Goal of the exercise
In the records below, find the line containing "Vestido Midi Cuello", then copy that line and all lines after it, exactly, omitting every picture.

◇ ◇ ◇ ◇ ◇

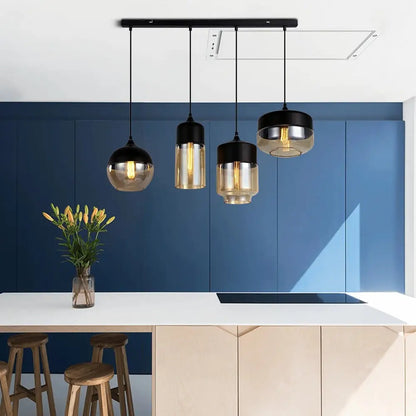 Modern Loft Glass Pendant Lamp for Kitchen Living Bar - Lighting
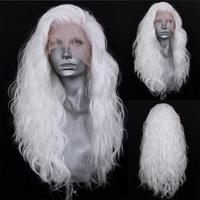 AIMEYA 13*4 Synthetic Lace Front Wigs for Women White Blonde Lace Wig Heat Resistant Fiber Natural Hairline Cosplay Party Wigs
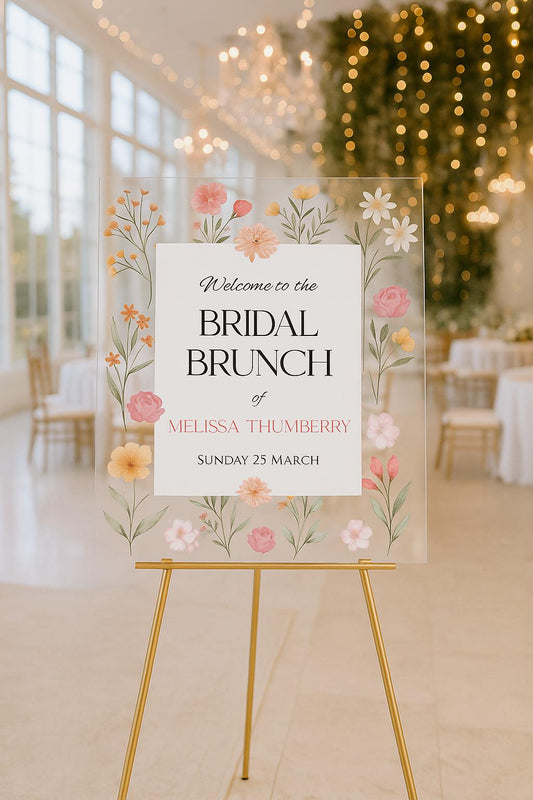 Acrylic Bridal Shower Welcome Sign: Wildflower Love in Bloom Design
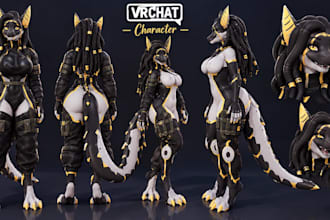 do vrchat avater, vr character, vrc avater, 3d model, furry avater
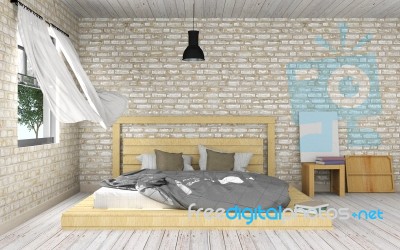 White Modern And Minimal Bedroom Interior Stock Image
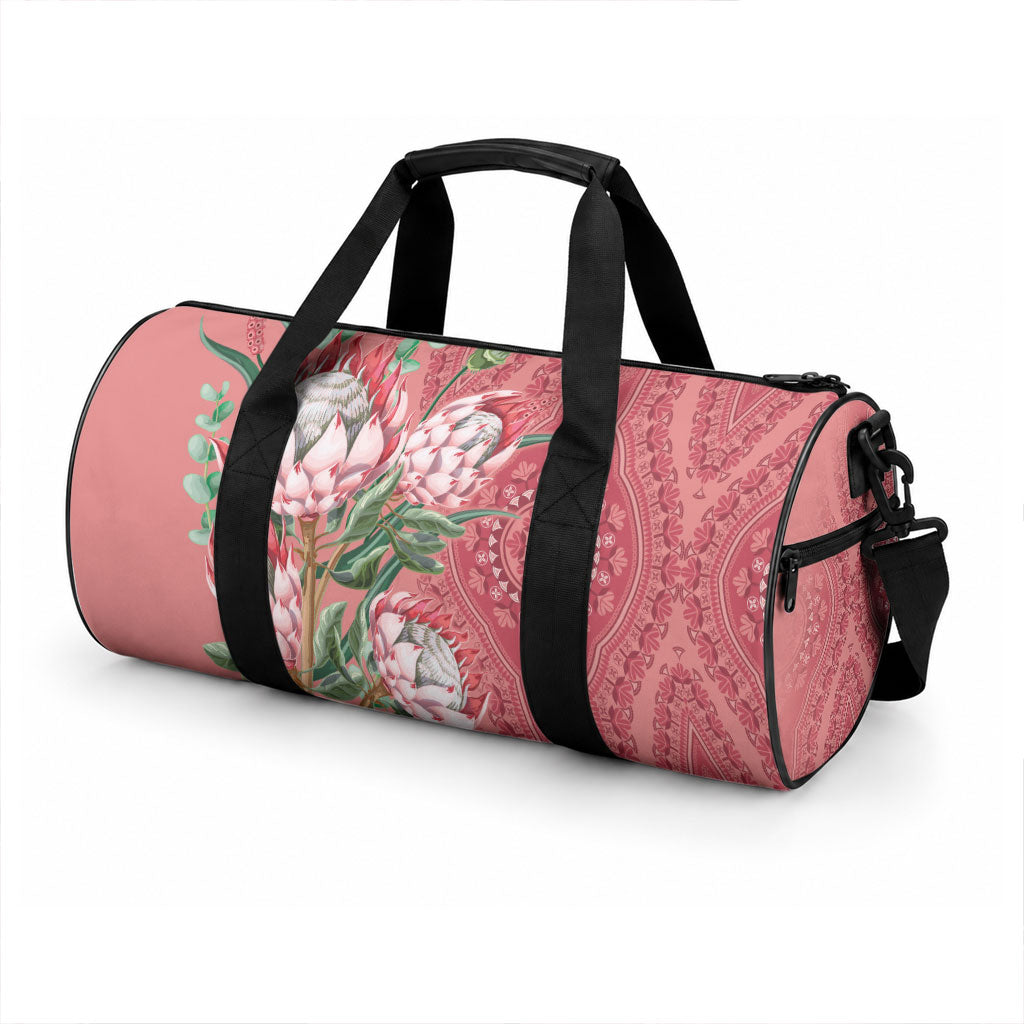 Africa King Proteas Dashiki Motif Duffle Bag Peach Style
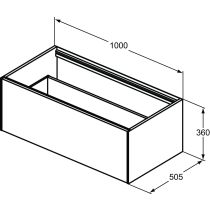 CONCA Umývadlová skrinka 100 cm bez hornej dosky, šírka 50 cm,  T3988Y1
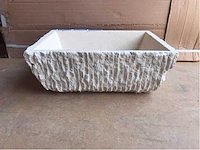 Natuursteen travertin beige waskom 44x32x16 cm - afbeelding 5 van  6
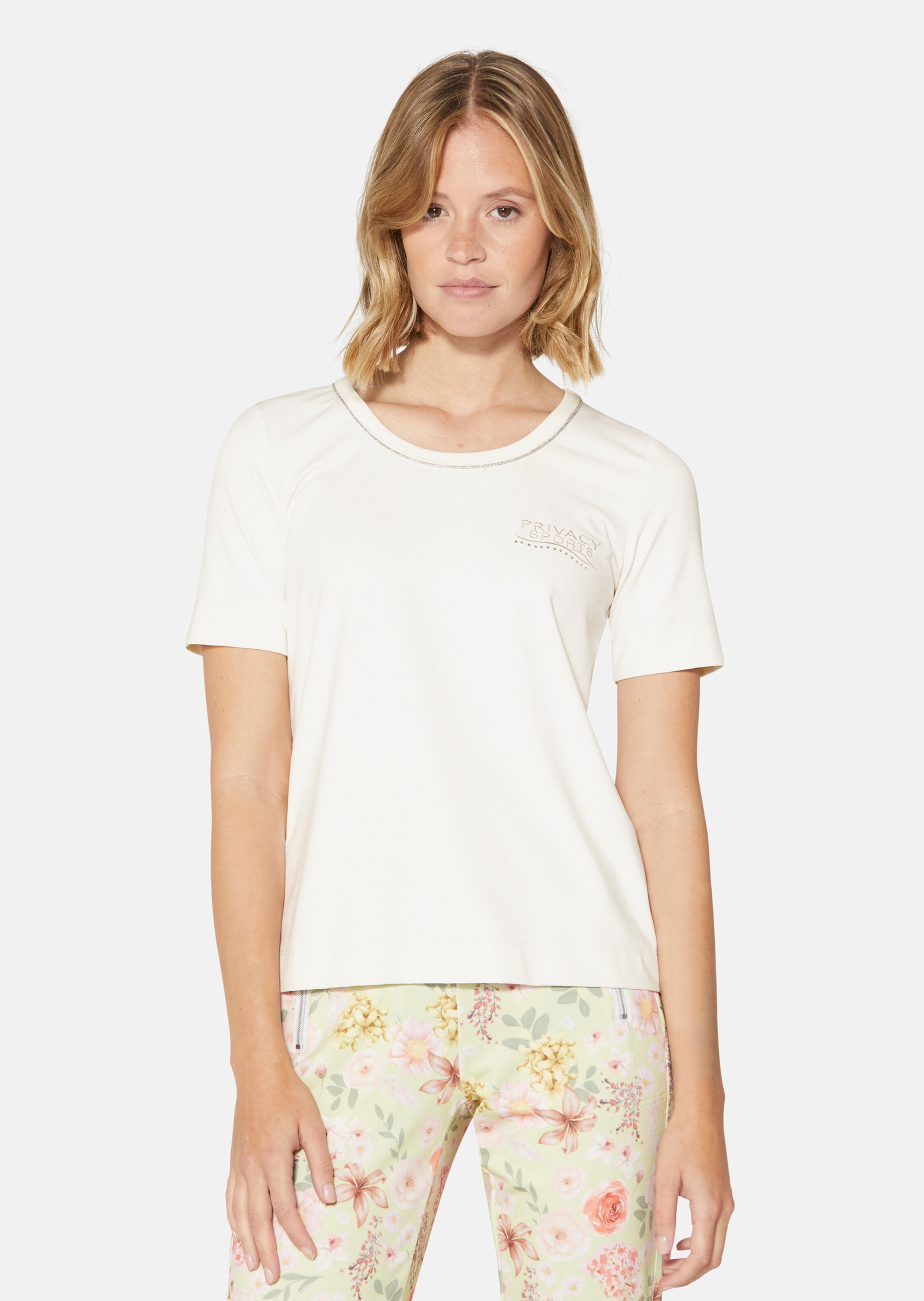 Kurzarm-Shirt mit Logo-Stickerei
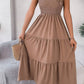 Vestido Midi Cuello Cuadrado Sin Mangas Hombros Con Volantes Cintura Fruncida Verano Boho
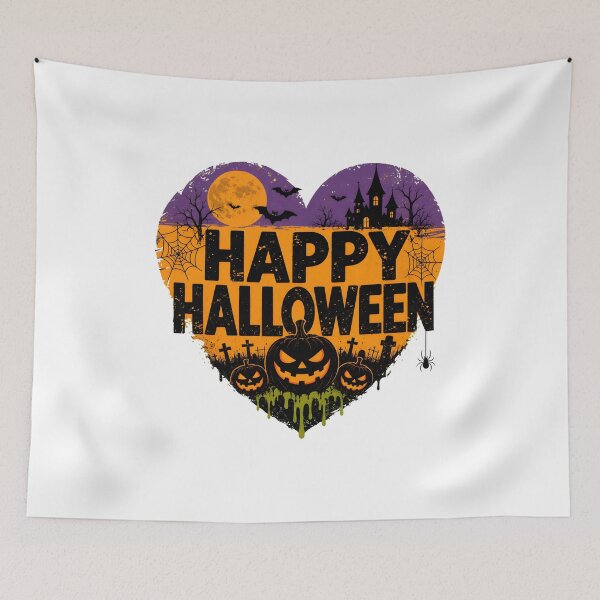 Item preview, happy halloween heart spooky jack-o-lantern haunted house bats moon designed and sold by Lockcownmz.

◇ ◇ ◇ ◇ ◇

Solution
 Vestido Midi Cuello Cuadrado Sin Mangas Hombros Con Volantes Cintura Fruncida Verano Boho
 Item preview, happy halloween heart spooky jack-o-lantern haunted house bats moon designed and sold by Lockcownmz.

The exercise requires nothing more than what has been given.